Types of ATTR amyloidosis
Hereditary ATTR amyloidosis is caused by a mutation in the gene for TTR, inherited from one parent. The disease therefore runs in families, though the timing, development and severity of the disease can vary greatly.
In acquired (non-hereditary) ATTR amyloidosis, the amyloid is formed by the normal, so-called wild‑type protein. This disease is not hereditary. It is known as wild‑type ATTR (ATTRwt) amyloidosis (formerly called senile systemic amyloidosis (SSA)). The clinical presentation and effects of ATTR amyloidosis vary widely depending on which organs are mostly affected.

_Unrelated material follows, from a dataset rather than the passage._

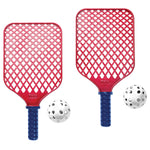 two rackets and two balls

Hereditary ATTR amyloidosis
People with mutations in the TTR gene produce abnormal, amyloidogenic, ‘variant’ TTR throughout their lives. Amyloid deposits start to form and then build up until they cause clinical disease, mainly affecting the nerves and/or heart, and sometimes the kidneys and eyes. Symptoms may appear at any time from early adult life onwards. This condition runs in families.
About 150 different amyloidogenic (amyloid forming) mutations have been recognised in people from all around the world. TTR mutations are relatively common in some parts of the world and extremely rare in others, and different mutations may cause different disease manifestations.

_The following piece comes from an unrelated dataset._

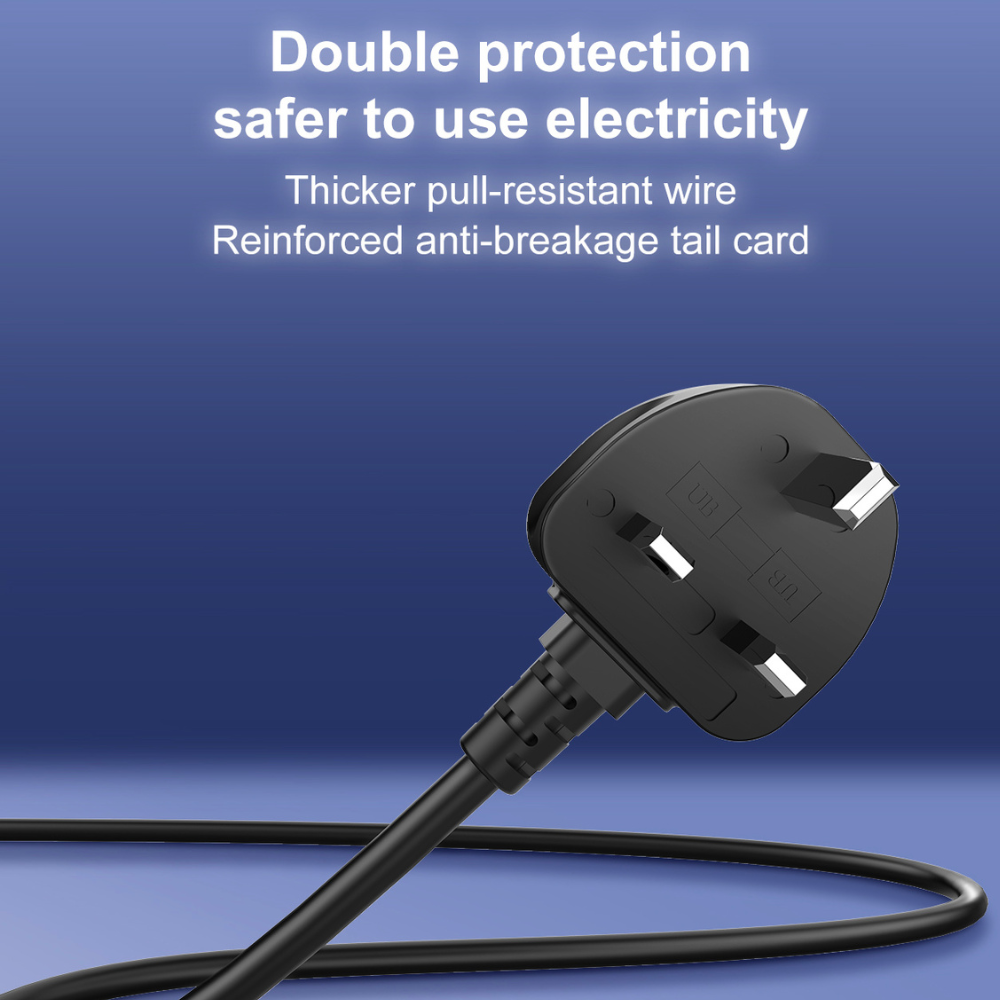 6-in-1 multi-socket with fast charging, advanced protection, and a 2-meter power cord.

Hereditary ATTR amyloidosis has traditionally been described according to whether disease manifestations mainly affect the nerves (familial amyloid polyneuropathy (FAP)) or the heart (familial amyloid cardiomyopathy (FAC)). However it is now understood that in clinical practice there is significant overlap in disease manifestations not only between patients with different mutations but also among those with the same mutations. Most TTR mutations can cause amyloid deposits in both the nerves and the heart. The International Society of Amyloidosis has therefore recommended the use of the term hereditary ATTR amyloidosis for all patients with TTR gene mutations and ATTR amyloid deposits.
Hereditary ATTR amyloidosis is a very rare disease. The commonest type, associated with the Val30Met mutation, is thought to affect about 10,000 people in the whole world. It has hitherto clearly been by far the most commonly recognised form of hereditary systemic amyloidosis.

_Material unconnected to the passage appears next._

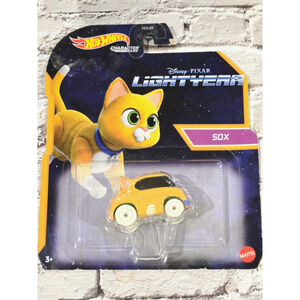 Hot Wheels Disney Pixar Lightyear, Sox, Character Cars, NIOP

The Val122Ile mutation, in which ATTR amyloid deposits mainly affect the heart and often also cause carpal tunnel syndrome, is most common in men of African American ancestry over age 60. This condition was only recognised 20 years ago, is apparently not rare in this population and is widely underdiagnosed.
Wild-type ATTR amyloidosis
Wild-type ATTR amyloidosis (wtATTR, formerly known as senile systemic amyloidosis) affects elderly people, mostly men. There is no mutation in the TTR gene so the condition is not hereditary (it does not run in families). The normal, wild‑type TTR protein forms the amyloid deposits, with the only obvious major clinical effect in the heart although there may also be carpal tunnel syndrome in some people.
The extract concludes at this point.